> [Activity]: Pictures in the listing do not belong in the copy, which should repeat exactly the lines from the one holding "أَم طرفك الفتاك" through the last line.

> [Data excerpts]:
------------------------------------------------------------------------

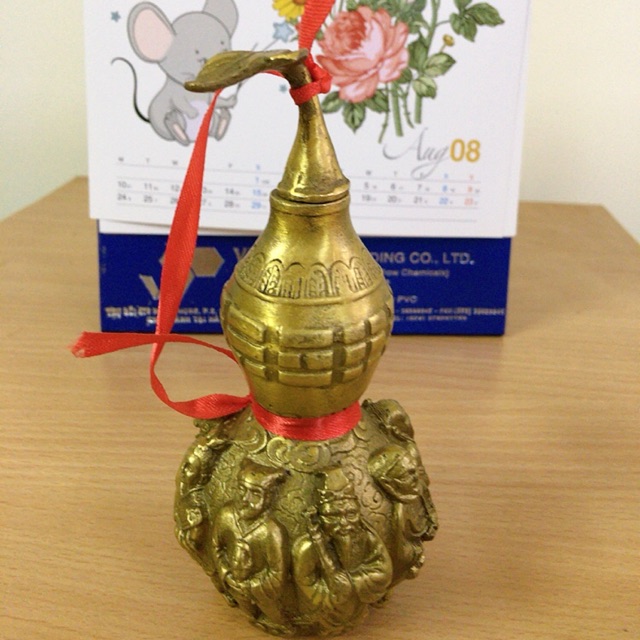 Hồ lô bát tiên,hồ lô đồng nguyên chất cao 13,5cm.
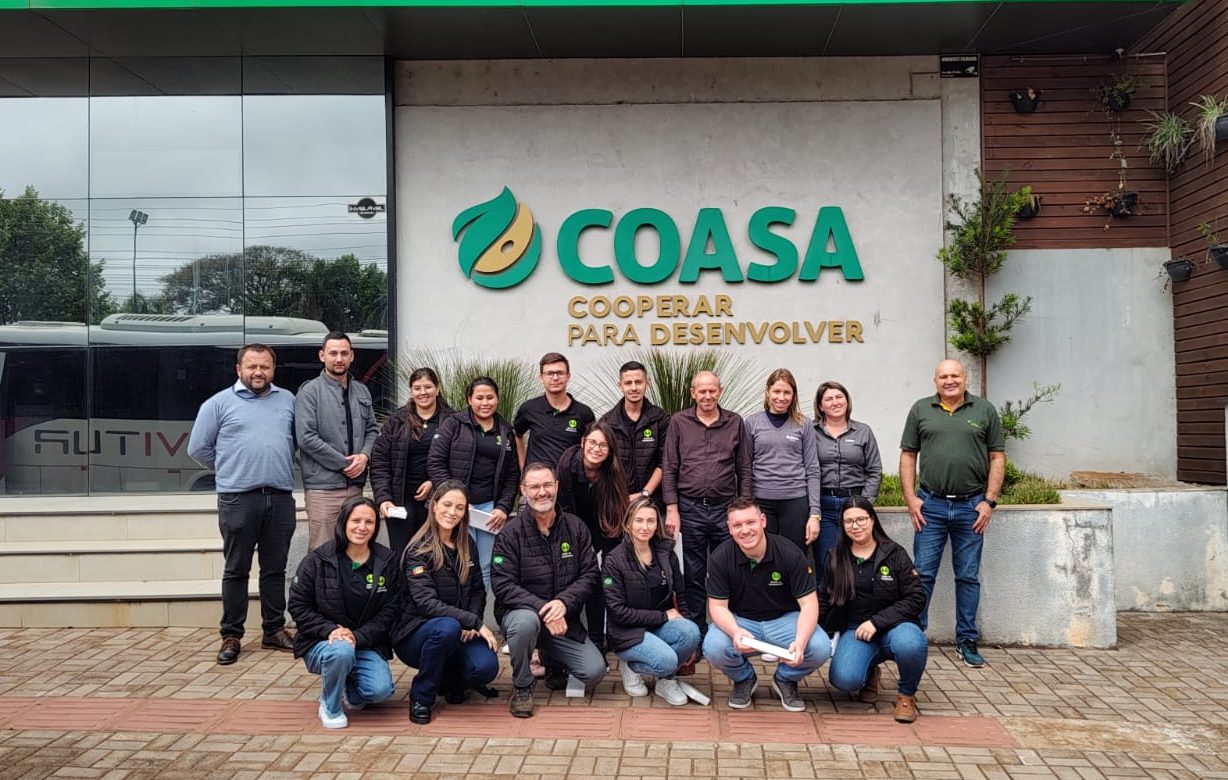 Acadêmicos do Curso Superior em Gestão de Cooperativas visitam a Coasa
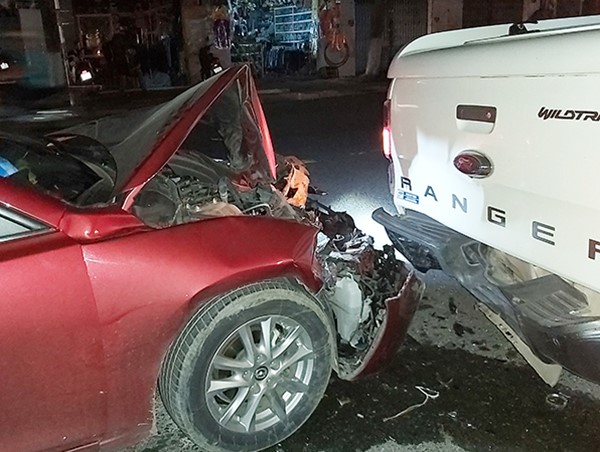 Tiền Giang: Xe 4 chỗ gây tai nạn liên hoàn, tài xế có dấu hiệu say xỉn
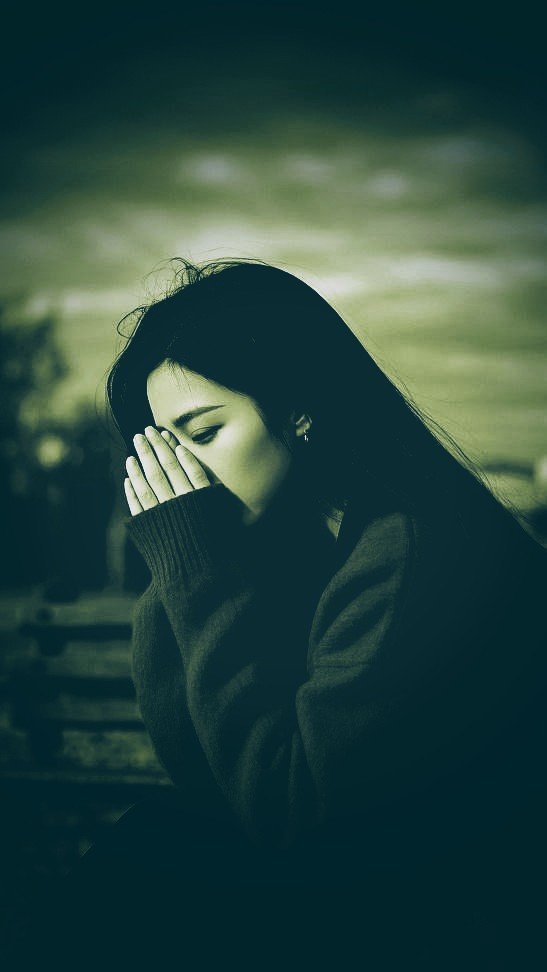 Heba91ha's tweet photo. لوصرت من سقمي شبيه سواك
ما اِخترت من دون الأنام سواك

لا فزت من أَشراكِ حبك سالماً
إِن شُبتُ دين هواك بالإشراك

يا من سمحت لها بروحي في الهوى
أَرخصتِني وعَلَيَّ ما أغلاك

كيف اِستبحت دم المحل ولم يكن
قلبي عصاك ولا شققت عصاك

هل عَندَمُ الوجنات رخص في دمي
أَم طرفك الفتاك قد أَفتاك https://t.co/6qfaRCwmQX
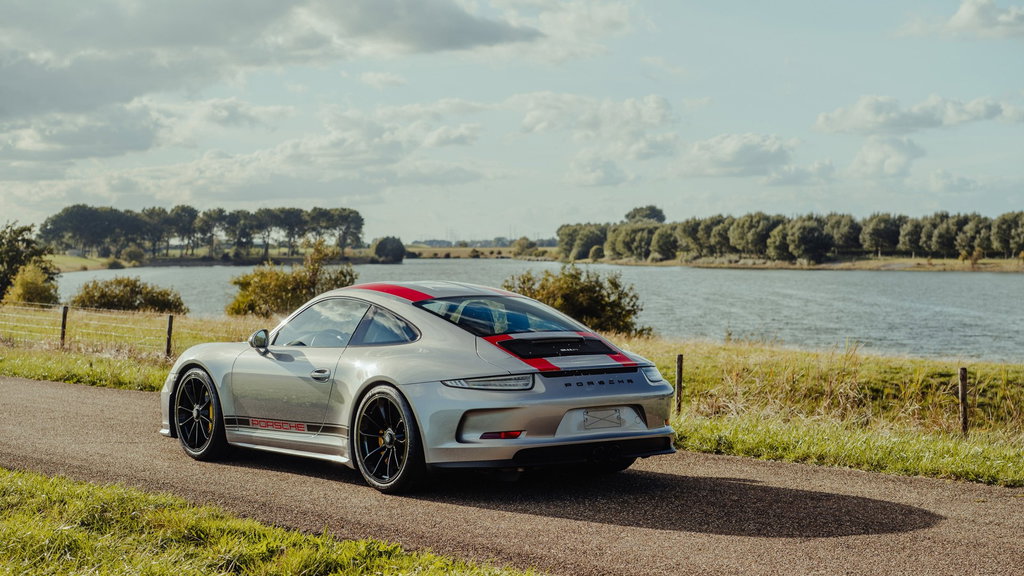 Porsche 911 R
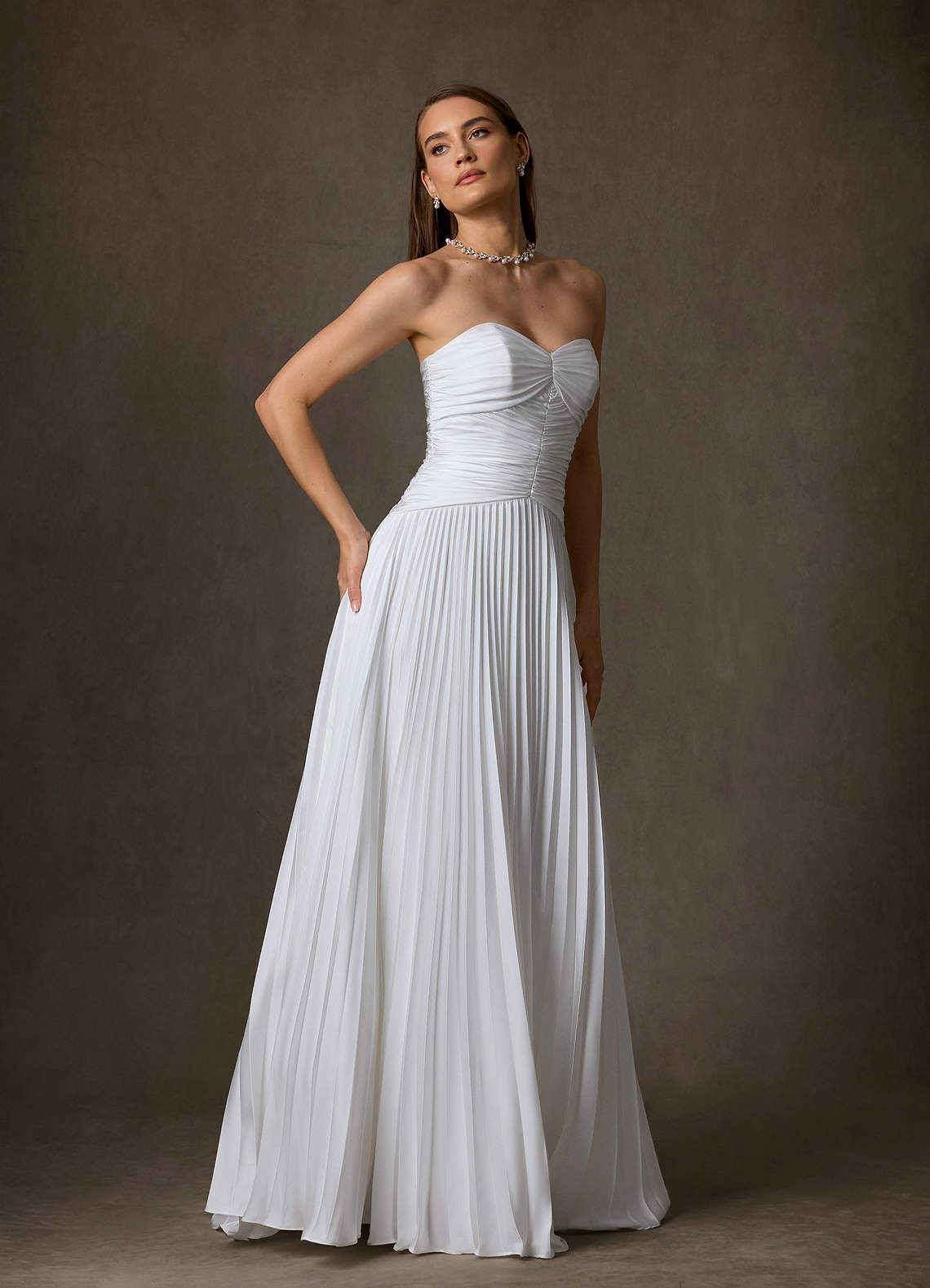 Azazie Liora Vestidos de novia Vestido de Diamante Blanco de Satén Elástico de Corte en A con Sin tirantes image3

------------------------------------------------------------------------

> [Reply]:
أَم طرفك الفتاك قد أَفتاك https://t.co/6qfaRCwmQX
 Porsche 911 R
 Azazie Liora Vestidos de novia Vestido de Diamante Blanco de Satén Elástico de Corte en A con Sin tirantes image3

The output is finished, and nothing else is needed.